_Short text fragments from websites:_
————————
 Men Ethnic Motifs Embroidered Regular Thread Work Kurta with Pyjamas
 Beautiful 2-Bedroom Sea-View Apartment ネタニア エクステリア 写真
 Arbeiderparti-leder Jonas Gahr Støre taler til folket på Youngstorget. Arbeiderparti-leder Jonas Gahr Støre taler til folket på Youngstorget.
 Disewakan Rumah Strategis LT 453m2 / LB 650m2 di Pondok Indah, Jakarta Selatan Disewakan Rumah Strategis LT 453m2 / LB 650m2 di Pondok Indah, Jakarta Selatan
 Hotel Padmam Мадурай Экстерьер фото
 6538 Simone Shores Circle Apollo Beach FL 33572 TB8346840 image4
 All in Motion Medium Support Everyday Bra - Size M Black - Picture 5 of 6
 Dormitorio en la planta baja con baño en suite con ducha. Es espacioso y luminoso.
————————
_Goal of the exercise:_ Repeat only the lines starting at the one that contains "Jakarta Selatan Disewakan" and ending at the last line above, exactly as written.

_Written response:_
 Disewakan Rumah Strategis LT 453m2 / LB 650m2 di Pondok Indah, Jakarta Selatan Disewakan Rumah Strategis LT 453m2 / LB 650m2 di Pondok Indah, Jakarta Selatan
 Hotel Padmam Мадурай Экстерьер фото
 6538 Simone Shores Circle Apollo Beach FL 33572 TB8346840 image4
 All in Motion Medium Support Everyday Bra - Size M Black - Picture 5 of 6
 Dormitorio en la planta baja con baño en suite con ducha. Es espacioso y luminoso.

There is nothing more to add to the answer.